▶ _Your objective_
Exactly the lines below from the line with "סט חורף מפנק: פיג'מה, כרית" through the line with "70 Old Northern Road, Albany Creek QLD 4035" must make up the answer, both ends included and pictures left out.

▶ _Dataset content_
:::

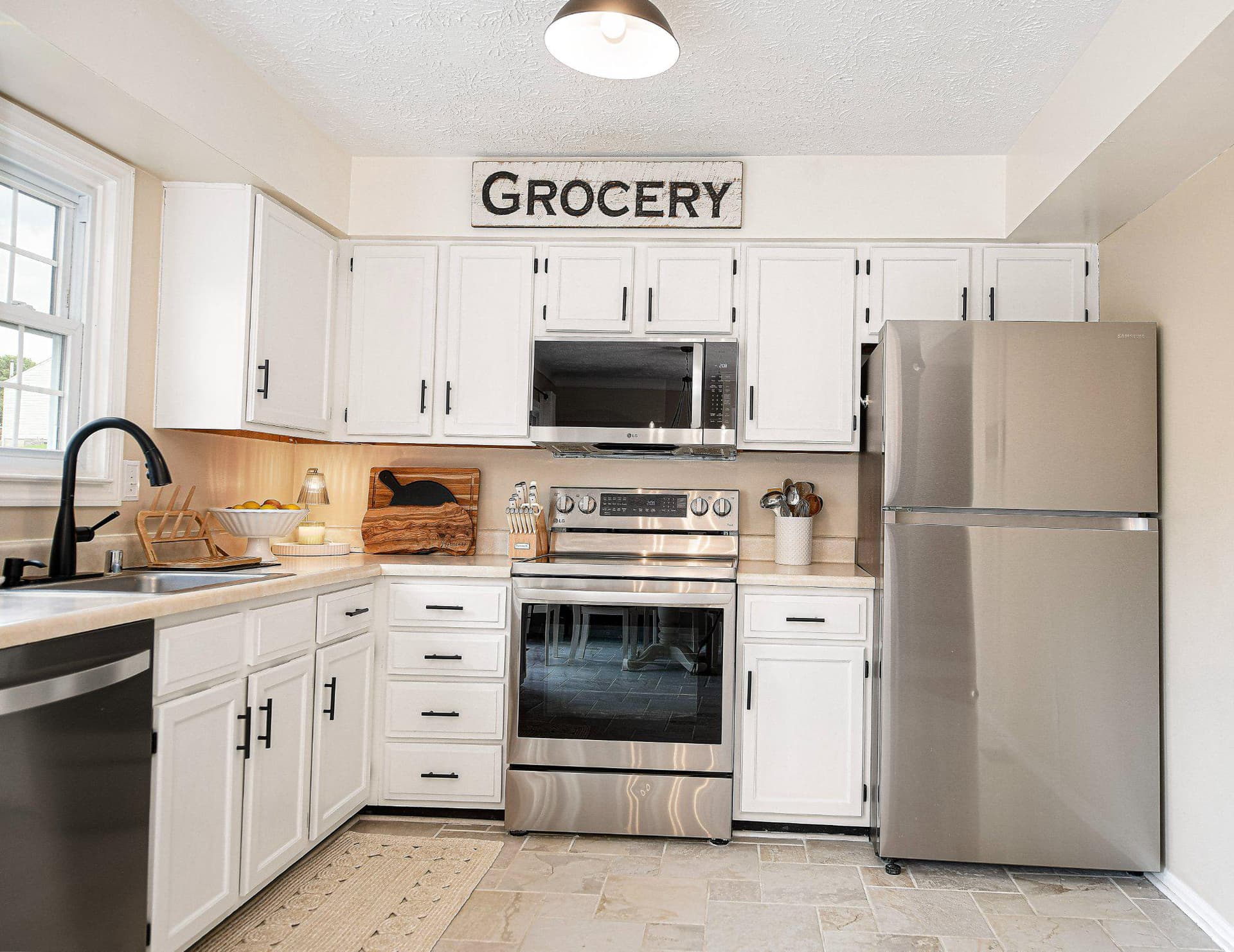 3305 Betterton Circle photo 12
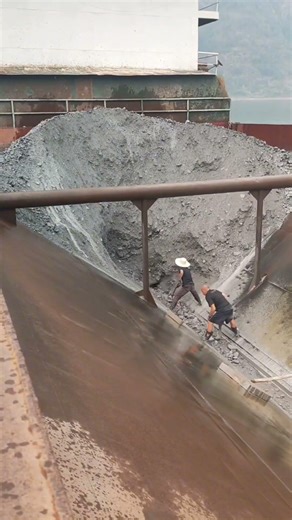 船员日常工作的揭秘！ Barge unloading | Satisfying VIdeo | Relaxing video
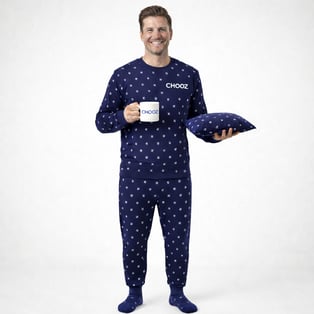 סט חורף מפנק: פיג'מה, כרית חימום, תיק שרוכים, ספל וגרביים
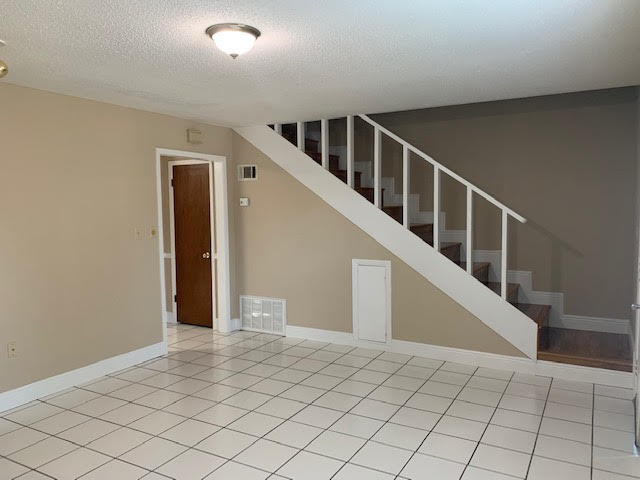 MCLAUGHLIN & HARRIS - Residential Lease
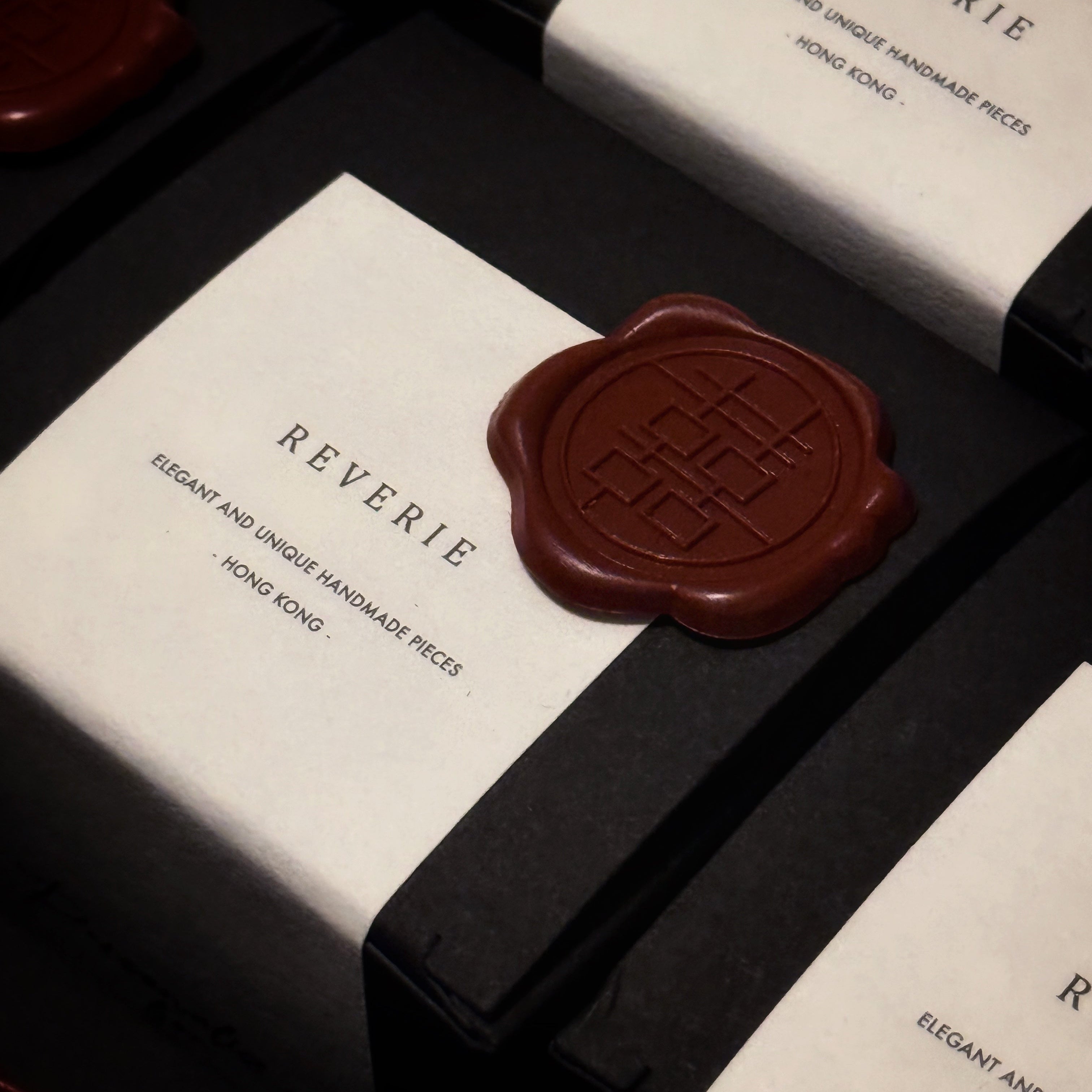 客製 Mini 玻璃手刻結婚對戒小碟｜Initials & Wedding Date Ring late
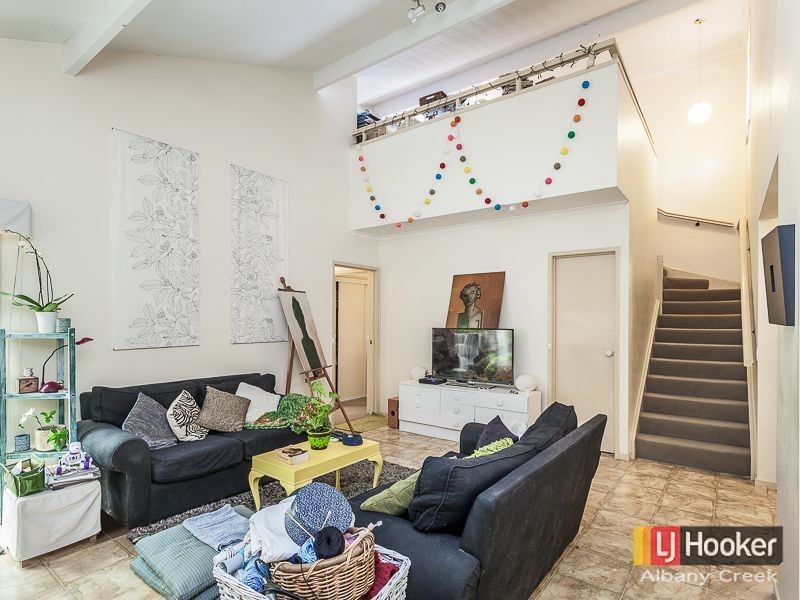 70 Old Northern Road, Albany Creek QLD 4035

:::

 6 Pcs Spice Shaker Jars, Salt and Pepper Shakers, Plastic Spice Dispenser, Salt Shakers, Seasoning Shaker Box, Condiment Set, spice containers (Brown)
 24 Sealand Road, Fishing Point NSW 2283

:::

▶ _Completed exercise_
 סט חורף מפנק: פיג'מה, כרית חימום, תיק שרוכים, ספל וגרביים
 MCLAUGHLIN & HARRIS - Residential Lease
 客製 Mini 玻璃手刻結婚對戒小碟｜Initials & Wedding Date Ring late
 70 Old Northern Road, Albany Creek QLD 4035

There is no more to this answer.